Work item - Say how many lines of the entries below include "านการ", giving nothing but that number.
--- Data for this task ---
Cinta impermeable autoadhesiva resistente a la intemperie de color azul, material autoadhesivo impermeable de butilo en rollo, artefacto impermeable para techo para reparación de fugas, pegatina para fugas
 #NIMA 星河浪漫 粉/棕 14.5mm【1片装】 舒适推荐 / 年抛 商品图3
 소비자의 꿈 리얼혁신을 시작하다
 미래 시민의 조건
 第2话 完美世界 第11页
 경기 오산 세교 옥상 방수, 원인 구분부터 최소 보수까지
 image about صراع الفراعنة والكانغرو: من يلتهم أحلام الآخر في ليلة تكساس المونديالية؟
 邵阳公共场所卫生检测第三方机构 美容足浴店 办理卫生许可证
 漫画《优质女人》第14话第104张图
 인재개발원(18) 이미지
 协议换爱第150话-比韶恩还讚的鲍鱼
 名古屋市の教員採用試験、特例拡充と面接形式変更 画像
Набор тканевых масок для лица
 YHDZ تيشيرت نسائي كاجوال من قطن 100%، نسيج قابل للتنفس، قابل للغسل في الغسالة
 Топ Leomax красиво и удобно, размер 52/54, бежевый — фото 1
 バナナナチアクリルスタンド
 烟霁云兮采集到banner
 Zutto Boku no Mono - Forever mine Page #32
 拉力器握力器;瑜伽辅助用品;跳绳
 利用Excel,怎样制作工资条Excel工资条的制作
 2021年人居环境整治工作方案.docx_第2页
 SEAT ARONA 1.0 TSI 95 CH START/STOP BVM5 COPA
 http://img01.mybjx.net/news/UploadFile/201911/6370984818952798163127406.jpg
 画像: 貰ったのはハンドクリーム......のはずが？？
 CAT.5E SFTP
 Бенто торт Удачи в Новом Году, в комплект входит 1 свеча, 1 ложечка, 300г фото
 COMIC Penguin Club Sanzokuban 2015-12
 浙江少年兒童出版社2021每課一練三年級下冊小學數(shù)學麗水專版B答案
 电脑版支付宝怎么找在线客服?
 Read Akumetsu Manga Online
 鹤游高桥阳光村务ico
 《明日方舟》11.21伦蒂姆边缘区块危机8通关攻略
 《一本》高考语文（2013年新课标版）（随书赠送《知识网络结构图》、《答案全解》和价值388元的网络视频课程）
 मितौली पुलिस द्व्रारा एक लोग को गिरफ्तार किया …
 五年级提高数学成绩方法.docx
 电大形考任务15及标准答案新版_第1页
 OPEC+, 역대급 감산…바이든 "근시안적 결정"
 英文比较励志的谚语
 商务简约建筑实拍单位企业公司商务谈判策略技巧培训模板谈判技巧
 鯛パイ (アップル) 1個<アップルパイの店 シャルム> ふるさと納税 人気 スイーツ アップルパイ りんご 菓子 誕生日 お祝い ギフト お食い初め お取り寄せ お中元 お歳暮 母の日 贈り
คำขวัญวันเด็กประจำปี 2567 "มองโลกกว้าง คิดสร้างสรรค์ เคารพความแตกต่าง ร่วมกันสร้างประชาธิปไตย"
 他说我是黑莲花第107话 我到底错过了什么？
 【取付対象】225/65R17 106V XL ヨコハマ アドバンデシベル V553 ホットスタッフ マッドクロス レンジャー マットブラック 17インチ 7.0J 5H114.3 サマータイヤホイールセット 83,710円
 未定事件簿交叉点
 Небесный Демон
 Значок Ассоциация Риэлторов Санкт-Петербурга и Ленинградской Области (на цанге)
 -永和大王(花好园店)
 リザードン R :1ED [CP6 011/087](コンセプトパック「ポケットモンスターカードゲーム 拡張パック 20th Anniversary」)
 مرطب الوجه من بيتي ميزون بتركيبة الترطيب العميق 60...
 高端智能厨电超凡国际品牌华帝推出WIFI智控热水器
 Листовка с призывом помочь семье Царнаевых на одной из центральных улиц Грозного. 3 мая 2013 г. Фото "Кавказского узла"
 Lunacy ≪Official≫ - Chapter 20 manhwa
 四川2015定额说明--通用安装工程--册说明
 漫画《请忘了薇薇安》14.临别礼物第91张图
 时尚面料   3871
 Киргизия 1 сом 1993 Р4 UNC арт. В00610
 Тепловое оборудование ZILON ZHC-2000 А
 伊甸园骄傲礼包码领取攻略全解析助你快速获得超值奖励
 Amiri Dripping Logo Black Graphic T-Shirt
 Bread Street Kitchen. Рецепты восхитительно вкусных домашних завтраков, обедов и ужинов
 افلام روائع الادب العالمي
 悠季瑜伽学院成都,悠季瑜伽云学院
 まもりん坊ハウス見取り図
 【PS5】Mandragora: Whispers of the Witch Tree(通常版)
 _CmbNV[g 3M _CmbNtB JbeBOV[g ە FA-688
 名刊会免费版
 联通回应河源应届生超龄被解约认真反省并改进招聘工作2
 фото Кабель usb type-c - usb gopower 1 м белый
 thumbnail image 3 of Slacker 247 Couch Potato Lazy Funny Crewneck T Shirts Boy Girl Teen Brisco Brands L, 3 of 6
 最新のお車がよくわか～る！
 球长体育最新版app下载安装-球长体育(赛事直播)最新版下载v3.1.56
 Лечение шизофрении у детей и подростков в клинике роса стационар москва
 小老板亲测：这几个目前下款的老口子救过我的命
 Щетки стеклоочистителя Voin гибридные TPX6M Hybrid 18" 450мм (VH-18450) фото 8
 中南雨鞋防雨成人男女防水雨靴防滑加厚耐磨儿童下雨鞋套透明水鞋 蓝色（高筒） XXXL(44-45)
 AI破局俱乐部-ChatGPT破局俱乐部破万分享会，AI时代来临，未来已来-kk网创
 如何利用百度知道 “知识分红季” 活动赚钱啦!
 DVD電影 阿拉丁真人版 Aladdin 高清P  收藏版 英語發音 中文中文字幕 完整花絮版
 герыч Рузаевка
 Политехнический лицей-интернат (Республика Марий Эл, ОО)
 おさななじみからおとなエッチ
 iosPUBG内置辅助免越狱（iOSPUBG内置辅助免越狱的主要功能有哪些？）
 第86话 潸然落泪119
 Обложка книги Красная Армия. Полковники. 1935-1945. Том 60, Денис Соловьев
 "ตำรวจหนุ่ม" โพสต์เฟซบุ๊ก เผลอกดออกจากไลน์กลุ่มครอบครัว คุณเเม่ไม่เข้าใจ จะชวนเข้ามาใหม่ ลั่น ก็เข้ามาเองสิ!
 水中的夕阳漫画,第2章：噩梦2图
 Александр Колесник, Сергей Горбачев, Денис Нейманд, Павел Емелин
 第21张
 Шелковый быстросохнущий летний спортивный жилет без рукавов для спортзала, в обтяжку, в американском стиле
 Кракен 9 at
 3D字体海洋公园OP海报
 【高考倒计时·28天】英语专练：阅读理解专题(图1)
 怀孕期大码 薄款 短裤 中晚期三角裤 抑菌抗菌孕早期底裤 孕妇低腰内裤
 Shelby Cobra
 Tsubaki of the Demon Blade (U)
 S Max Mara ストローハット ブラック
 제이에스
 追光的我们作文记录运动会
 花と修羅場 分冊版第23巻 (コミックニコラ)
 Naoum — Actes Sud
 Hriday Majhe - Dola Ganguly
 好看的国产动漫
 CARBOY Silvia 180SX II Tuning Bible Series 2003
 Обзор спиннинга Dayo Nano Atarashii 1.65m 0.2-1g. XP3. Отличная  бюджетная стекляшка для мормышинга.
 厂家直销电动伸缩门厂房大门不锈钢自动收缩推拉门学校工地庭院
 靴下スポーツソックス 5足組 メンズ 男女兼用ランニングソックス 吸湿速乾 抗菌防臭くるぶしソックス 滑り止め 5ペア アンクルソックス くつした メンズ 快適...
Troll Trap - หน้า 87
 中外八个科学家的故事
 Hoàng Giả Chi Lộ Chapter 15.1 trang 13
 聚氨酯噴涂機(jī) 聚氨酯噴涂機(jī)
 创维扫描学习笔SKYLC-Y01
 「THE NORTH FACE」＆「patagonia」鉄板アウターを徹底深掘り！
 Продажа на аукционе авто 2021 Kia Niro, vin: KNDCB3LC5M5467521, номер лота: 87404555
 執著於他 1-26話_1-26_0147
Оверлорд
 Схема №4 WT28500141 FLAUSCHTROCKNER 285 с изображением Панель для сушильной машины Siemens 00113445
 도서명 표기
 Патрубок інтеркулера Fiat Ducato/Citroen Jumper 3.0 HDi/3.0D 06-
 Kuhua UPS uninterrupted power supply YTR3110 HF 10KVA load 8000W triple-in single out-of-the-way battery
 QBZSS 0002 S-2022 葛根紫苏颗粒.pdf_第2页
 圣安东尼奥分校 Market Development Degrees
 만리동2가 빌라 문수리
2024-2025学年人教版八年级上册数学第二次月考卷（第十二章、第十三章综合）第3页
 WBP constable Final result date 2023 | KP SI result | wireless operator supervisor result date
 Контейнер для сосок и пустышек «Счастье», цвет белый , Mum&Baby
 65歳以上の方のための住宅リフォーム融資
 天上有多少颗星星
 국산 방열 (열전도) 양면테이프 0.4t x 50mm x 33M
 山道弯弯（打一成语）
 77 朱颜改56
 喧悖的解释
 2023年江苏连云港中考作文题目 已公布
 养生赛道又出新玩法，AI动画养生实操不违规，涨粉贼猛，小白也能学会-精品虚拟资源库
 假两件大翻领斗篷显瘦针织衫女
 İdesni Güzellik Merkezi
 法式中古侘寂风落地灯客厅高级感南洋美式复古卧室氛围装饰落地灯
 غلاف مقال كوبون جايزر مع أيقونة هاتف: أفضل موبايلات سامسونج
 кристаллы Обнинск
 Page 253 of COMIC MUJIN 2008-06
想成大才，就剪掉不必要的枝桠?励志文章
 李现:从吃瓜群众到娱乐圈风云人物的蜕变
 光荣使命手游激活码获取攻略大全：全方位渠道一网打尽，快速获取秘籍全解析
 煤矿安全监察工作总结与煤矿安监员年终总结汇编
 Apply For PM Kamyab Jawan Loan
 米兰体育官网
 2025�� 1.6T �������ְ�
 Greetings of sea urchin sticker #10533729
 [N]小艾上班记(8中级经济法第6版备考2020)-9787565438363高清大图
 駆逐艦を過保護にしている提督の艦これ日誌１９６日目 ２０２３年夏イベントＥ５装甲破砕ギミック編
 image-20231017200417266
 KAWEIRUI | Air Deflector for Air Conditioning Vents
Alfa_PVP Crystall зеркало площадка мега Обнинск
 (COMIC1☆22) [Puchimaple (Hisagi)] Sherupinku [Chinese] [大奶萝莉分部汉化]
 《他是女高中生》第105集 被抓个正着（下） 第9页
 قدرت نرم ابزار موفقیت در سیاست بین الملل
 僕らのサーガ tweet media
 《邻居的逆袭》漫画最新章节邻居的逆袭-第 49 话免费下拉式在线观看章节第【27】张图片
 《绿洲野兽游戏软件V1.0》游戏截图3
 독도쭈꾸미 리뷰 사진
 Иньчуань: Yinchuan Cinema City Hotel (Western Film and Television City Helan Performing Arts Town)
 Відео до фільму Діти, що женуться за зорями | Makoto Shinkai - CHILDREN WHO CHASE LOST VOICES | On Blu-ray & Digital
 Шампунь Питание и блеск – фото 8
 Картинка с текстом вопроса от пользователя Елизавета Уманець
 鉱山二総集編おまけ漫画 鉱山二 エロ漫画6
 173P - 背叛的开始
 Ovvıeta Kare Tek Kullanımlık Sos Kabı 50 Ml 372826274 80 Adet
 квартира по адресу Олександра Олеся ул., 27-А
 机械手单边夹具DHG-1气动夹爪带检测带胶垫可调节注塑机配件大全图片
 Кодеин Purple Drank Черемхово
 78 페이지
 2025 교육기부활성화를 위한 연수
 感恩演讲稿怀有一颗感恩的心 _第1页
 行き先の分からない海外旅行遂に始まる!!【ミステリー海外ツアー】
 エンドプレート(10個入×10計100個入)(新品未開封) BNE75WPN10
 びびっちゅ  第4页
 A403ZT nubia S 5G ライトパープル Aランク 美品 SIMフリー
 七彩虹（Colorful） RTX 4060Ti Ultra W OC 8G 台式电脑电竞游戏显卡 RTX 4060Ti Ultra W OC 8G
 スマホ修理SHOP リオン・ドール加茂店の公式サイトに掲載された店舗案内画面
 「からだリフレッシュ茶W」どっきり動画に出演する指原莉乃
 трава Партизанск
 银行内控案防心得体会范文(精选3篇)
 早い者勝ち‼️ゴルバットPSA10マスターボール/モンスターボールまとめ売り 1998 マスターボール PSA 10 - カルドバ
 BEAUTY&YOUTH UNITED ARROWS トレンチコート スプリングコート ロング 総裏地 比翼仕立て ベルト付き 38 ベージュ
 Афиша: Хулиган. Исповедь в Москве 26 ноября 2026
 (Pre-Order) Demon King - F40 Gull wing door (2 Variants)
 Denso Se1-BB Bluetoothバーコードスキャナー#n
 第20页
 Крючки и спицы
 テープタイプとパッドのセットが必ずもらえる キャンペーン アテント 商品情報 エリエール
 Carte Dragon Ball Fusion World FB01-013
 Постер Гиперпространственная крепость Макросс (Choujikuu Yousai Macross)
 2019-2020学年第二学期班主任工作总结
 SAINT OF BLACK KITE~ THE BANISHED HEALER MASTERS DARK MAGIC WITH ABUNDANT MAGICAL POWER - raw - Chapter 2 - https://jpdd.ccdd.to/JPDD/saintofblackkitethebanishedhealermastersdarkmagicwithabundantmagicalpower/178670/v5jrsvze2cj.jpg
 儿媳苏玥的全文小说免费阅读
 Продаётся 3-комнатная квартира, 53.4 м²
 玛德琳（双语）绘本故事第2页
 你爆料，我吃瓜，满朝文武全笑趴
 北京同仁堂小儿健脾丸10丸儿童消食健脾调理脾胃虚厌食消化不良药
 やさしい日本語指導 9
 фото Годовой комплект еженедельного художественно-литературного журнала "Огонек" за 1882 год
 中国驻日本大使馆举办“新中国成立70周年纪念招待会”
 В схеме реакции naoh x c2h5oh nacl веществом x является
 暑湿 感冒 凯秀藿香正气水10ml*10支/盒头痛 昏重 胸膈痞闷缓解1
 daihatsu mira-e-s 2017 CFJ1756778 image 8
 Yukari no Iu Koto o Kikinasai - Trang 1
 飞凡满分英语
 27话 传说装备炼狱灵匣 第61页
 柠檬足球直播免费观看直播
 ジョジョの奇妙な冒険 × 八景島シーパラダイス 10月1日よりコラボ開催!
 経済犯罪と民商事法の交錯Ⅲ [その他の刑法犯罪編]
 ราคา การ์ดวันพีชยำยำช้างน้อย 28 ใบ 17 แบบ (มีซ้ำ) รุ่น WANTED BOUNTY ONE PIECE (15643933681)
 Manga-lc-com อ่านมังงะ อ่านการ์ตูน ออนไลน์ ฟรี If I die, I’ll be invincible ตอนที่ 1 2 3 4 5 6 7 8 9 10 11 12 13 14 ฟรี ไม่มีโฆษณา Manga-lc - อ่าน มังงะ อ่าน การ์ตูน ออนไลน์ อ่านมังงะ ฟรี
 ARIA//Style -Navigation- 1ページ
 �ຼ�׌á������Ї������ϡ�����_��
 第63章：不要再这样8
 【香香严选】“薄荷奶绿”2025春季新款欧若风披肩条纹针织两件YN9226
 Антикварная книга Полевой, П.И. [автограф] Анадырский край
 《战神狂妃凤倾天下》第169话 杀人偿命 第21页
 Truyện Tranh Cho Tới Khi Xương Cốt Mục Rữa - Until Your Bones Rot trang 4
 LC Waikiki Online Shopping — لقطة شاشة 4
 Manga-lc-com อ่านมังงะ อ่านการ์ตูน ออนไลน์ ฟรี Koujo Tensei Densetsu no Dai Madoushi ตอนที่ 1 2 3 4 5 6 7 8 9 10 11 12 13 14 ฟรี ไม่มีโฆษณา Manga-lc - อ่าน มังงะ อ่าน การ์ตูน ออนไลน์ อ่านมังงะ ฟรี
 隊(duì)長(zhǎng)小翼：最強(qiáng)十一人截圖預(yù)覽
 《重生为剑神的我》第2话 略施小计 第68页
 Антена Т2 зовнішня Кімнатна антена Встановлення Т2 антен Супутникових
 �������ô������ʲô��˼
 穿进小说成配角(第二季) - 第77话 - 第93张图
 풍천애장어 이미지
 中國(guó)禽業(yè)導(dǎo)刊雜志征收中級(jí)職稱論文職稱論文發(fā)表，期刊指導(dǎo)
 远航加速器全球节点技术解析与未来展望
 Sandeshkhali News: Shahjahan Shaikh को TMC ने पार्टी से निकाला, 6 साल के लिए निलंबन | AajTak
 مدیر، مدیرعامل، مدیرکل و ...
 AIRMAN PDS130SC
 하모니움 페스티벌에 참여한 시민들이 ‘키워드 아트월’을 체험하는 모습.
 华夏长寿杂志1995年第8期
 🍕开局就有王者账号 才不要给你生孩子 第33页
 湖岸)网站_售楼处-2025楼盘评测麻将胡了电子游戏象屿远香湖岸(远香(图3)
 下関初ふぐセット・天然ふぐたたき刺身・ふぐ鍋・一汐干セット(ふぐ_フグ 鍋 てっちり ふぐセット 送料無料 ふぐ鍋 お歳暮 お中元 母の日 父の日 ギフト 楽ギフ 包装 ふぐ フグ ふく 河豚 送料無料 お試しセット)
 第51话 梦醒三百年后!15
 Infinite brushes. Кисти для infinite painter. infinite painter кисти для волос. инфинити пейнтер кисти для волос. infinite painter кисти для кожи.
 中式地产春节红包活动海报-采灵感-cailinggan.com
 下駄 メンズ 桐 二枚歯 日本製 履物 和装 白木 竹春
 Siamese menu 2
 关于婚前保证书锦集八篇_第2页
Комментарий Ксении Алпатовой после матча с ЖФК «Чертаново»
---
Response box - 2